The Labour opposition was unconvinced. “He’s going to put Britain through years of uncertainty and take a huge gamble with our economy,” according to Ed Miliband.
Cameron vowed to call a referendum on Britain’s future in Europe after the next general election in 2015 by which time his government intends to renegotiate the terms of its membership.
The premier shrugged off warnings that the mere possibility of a British exit could rattle its economy, arguing that Euroskepticism was at “an all time high” and the British public deserved the choice. “It is time for the British people to have their say.”
He told lawmakers later in the day, “We now have a very clear approach: a renegotiation and then a referendum.” In answer to questions from the opposition, Cameron said his government was also “very clear about what we want to see changed.”
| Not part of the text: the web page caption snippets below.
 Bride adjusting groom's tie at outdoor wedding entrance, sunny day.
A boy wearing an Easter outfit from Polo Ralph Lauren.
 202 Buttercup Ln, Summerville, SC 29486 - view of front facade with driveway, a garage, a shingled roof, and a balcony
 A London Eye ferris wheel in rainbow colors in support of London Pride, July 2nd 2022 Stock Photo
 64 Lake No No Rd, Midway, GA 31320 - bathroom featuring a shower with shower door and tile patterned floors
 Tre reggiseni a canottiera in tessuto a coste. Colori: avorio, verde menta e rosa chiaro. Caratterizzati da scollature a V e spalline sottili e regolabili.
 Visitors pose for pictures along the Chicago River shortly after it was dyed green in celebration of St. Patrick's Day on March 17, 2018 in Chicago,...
A whole series areas: social legislation, employment legislation, environmental legislation where Europe has gone far too far. And we need to properly safeguard the single market. We also want to make sure that ever-closer union doesn’t apply to the United Kingdom.
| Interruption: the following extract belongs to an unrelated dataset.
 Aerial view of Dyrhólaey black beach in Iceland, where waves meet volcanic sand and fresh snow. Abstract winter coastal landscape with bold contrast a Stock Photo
While countries in the eurozone move to closer economic and fiscal integration, Britain is “entitled,” Cameron told the BBC earlier this month, to demand changes in its relationship with the rest of the body. The euro states are “changing the nature of the organization to which we belong,” he said, so Britain is “perfectly entitled and not just entitled but actually enabled because they need changes to ask for changes ourselves.”
Labour’s Miliband keenly pointed out, however, that Cameron’s newfound support for a referendum partly addresses the mounting Euroskepticism in his own party as well as the electoral threat posed on the right by the United Kingdom Independence Party. Many Conservative backbenchers weren’t “cheering,” he said, because of the opportunity to vote “yes” in a referendum, rather because they want to leave the European Union altogether.
Last year, 81 lawmakers rebelled against Cameron and voted for a referendum when the prime minister joined Labour in opposing one. London’s mayor Boris Johnson, who is often mentioned as a possible successor to Cameron as party leader, also spoke in favor of a referendum.
Cameron may have had little choice but to call a referendum but it could still wreck his prime ministership, writes Dan Hodges in The Telegraph. If he wins reelection in two years’ time and successfully renegotiates British membership to go on campaigning for a “yes” vote in the referendum, “Cameron’s leadership of the Tory Party would at that point become untenable.” If he wins the referendum, Euroskeptic Conservative members could move against him. If he loses it, his prestige would be shattered.
If he doesn’t win concessions from other European states and fails to meet his promise of new terms of membership, Cameron’s position would be even more vulnerable.
So his course is effectively set. The 2017 EU referendum is David Cameron’s preferred political swan song. He wins the Tories an outright majority in 2015, defies his party, leads a successful “yes” campaign, finally puts to bed the issue that has torn apart the Tories for half a century and then rides off into the sunset.